At present, two different suspend states can generally be supported, "standby"
and "mem", but some platforms support only one of them and many platforms do not
support any sleep states at all. If both are supported, "standby" is the state
in which the system draws more power, but can be switched to a working state
faster than from the "mem" sleep state.

A transition to a system sleep state can be started by writing the name of a
system sleep state supported by the platform ("mem" or "standby") to
/sys/power/state (there is another method to do that, with the help of the
hibernation userland interface, but it should only be used as a part of the
suspend-to-both functionality described later). If that happens, the kernel
performs the following actions:

(1) power management notifiers are executed with PM_SUSPEND_PREPARE
(2) tasks are frozen
(3) target system sleep state is announced to the platform-handling code
(4) devices are suspended
(5) platform-specific global suspend preparation methods are executed
(6) non-boot CPUs are taken off-line
(7) interrupts are disabled on the remaining (main) CPU
(8) late suspend of devices is carried out
(9) platform-specific global methods are invoked to put the system to sleep

Of course all of this happens if there are no errors in the way. However, for
example, if one of the devices refuses to suspend, we need to wake up all of the
devices that have already been suspended, inform the platform that the
transition to the low power state will not occur, enable the non-boot CPUs and
thaw tasks. Finally, we have to execute the power management notifiers to
inform their owners that the transition has been canceled.
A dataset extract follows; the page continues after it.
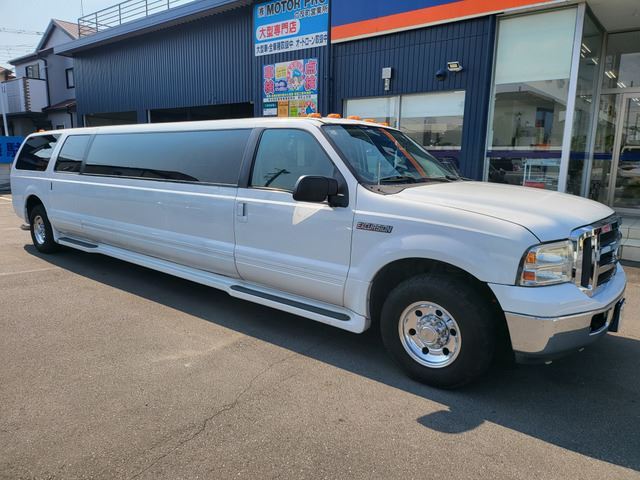 2005 Ford Excursion - photo 1 2005 Ford Excursion Sedan for sale, Japanese used car export - photo 1 of 25 | GULJI TRADERS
A resume starts when the platform notices a wake-up event, such as the opening
of a laptop's lid or pressing the power button. Then, the platform prepares
itself and the main processor for entering a system working state and returns
the control to the kernel. Next, the following actions are performed:

(10) the main CPU is switched to the appropriate mode, if necessary
(11) early resume of devices is carried out
(12) interrupts are enabled on the main CPU
(13) non-boot CPUs are enabled
(14) platform-specific global resume preparation methods are invoked
(15) devices are woken up
(16) tasks are thawed
(17) power management notifiers are executed with PM_POST_SUSPEND

For each of steps (1)-(17) above there is a separate part of the suspend code
responsible for its completion.

IV. System hibernation outline

System hibernation support is included in the kernel if CONFIG_SOFTWARE_SUSPEND
is set in the .config . Then, the hibernation state called "disk" is listed
in the /sys/power/state file.

Currently there are two possible ways of carrying out a system hibernation. The
first of them is entirely kernel-driven and the second one requires a userland
task that will drive the hibernation procedure calling the kernel to perform
specific, more or less atomic, actions. Only the first method is covered in
this part of the report, because it is generally simpler and the actions of the
kernel are pretty much the same in both cases. The other method will be
described later.

The kernel-driven hibernation procedure is started by writing "disk" to
/sys/power/state. Then, the kernel performs the following actions:

(1) power management notifiers are executed with PM_HIBERNATION_PREPARE
(2) tasks are frozen
(3) some memory is released, if necessary
(4) (optional, on ACPI systems) target system sleep state (S4) is announced to
the platform-handling code
(5) devices are suspended for hibernation
(6) (optional) platform-specific global hibernation preparation methods are
invoked
(7) non-boot CPUs are taken off-line
(8) interrupts are disabled on the main CPU
(9) late suspend of devices for hibernation is carried out
(10) atomic copy of the system memory (aka hibernation image) is created
(11) early resume of devices is carried out
(12) interrupts are enabled on the main CPU
(13) non-boot CPUs are enabled
(14) (optional, but necessary if (6) is performed) platform-specific global
hibernation-related methods are invoked
(15) devices are woken up
(16) hibernation image is saved in a storage space
(17) devices are put into the off state
(18) the system is powered off _or_ (optionally, on ACPI systems)
platform-specific global methods are invoked to put the system into the S4
sleep state

In analogy with the system suspend described in Section III, if any of the
operations listed above fails, the operations that have already been performed
need to be reverted, so that the system can flawlessly continue operating in the
working state. In particular, the power management notifiers need to be called
to inform their owners that the system state transition has been canceled.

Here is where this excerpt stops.